Hypotension in the postoperative period is common and multifactorial. The more common causes are listed in Table 60-2, along with changes in hemodynamics that are unique to each etiology.
Low cardiac output syndrome (LCOS) is one of the most important predictors of poor outcome after surgery for CHD.2 LCOS is a fall in CO with a commensurate increase in systemic vascular resistance (SVR) and PVR, typically occurring between 6 and 18 h after surgery.3 Clinical signs of LCOS include tachycardia, oliguria, delayed capillary refill, metabolic acidosis, hypotension, and low mixed venous oxygen saturation. The mainstay of treatment of LCOS is anticipation and early identification. With predictable decrease in CO and increased PVR and SVR, afterload reduction (milrinone) and inotropic support oppose this trend.4
Inotropic support is a mainstay of postoperative care. Table 60-3 lists the most common vasoactive medications used for the postoperative pediatric cardiac surgical patient.
| Drug | Mechanism | Inotropy | Chronotropy | SVR | PVR | Dose | Side Effects |
|---|---|---|---|---|---|---|---|
| Amiodarone | Class III antiarrhythmic, but with class IB, II and IV effects | ↔ ↓ | ↔ | ↔ | ↔ |
| Slows repolarization and AV conduction, prolongs QTc |
| Epinephrine | α1– and β1,2-agonist | + | + | ↑ |
| Hypertension, tachycardia, arrhythmias, myocardial necrosis | |
| Dopamine | Dopaminergic1-, α1– and β1-agonist | ↔ | ↔ | ↑ | ↑ |
| Arrhythmias |
| Dobutamine | β1-agonist | + | ↔ | ↔ | ↔ |
| Arrhythmias |
| Isoproterenol | β1,2-agonist | + | + | ↑ | ↓ |
| Arrhythmias |
| Milrinone | Phosphodiesterase- 3 inhibitor | + | ↔ | ↓ | ↓ |
| Hypotension |
| Norepinephrine | α1– >>> β1-agonist | + | + | ↑ | ↑ |
| Arrhythmias, hypertension |
| Sildenafil | Phosphodiesterase- 5 inhibitor | ↔ | ↔ | ↔ | ↓ |
| Hypotension |
| Vasopression | V 1a agonist | ↔ | ↔ | ↑ | ↔ |
| Bradycardia, hyponatremia |
Arrhythmias are a common complication after surgical repair of CHD, with a reported incidence of 15 to 30 percent.5–7 Postoperative arrhythmia prolongs ICU stay and increases morbidity and mortality. Various studies have looked at risk factors for arrhythmias and found age, underlying anatomy and type of repair, duration of CPB, and cross-clamp time to be possible risk factors.5–7 The most common postoperative arrhythmias are junctional ectopic tachycardia (JET), complete heart block, ventricular tachycardia (VT), and supraventricular tachycardia.

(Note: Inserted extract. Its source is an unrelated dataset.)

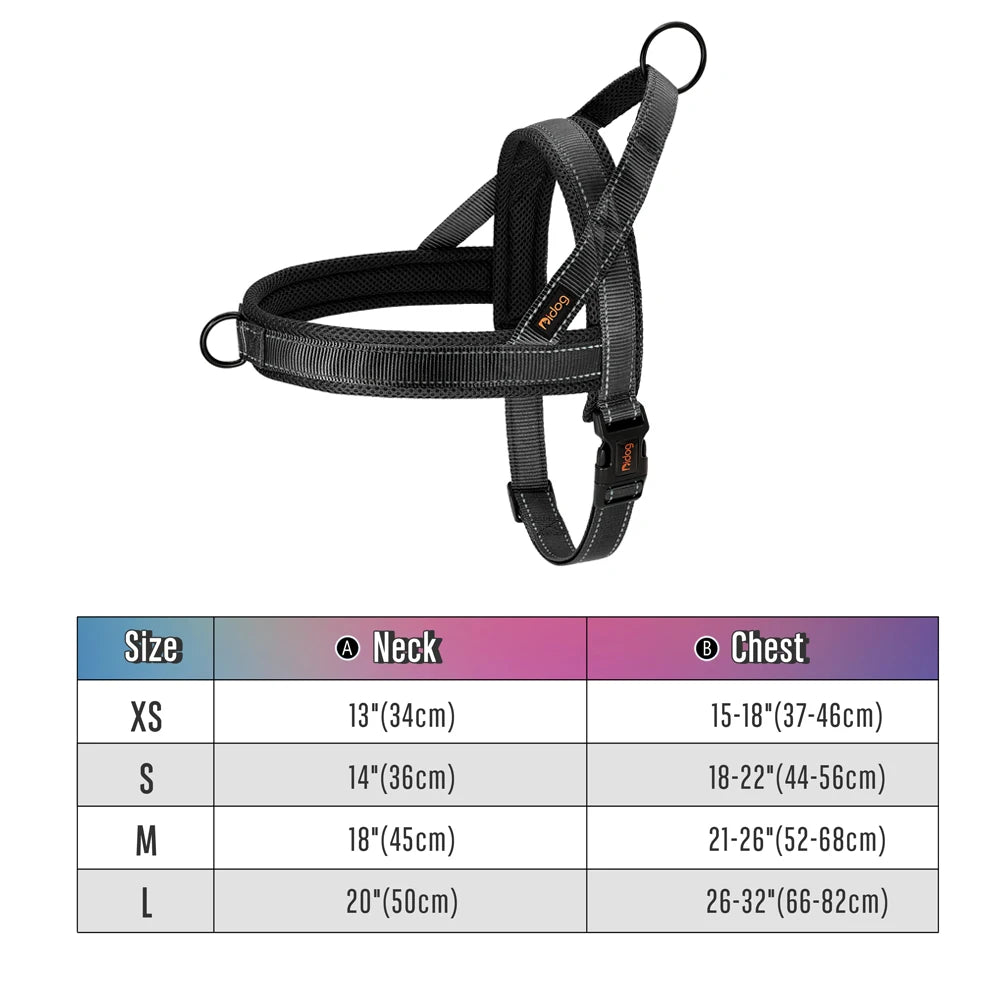 Nylon Dog Harness No Pull Dog Harnesses Vest Soft Padded Pet Walking Vests Harnesses Durable for Small Medium Large Dogs Pug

The first step in managing a patient thought to have an arrhythmia is to obtain a 12-lead electrocardiogram (EKG). This should be reviewed by a pediatric intensivist or cardiologist to determine the precise type of rhythm present. If the rhythm is complex, a pediatric electrophysiologist may be consulted. If the patient is hemodynamically unstable as evidenced by poor perfusion on exam, low blood pressure, change in mental status, and metabolic acidosis, prompt diagnosis should be made so that correct treatment may be immediately initiated.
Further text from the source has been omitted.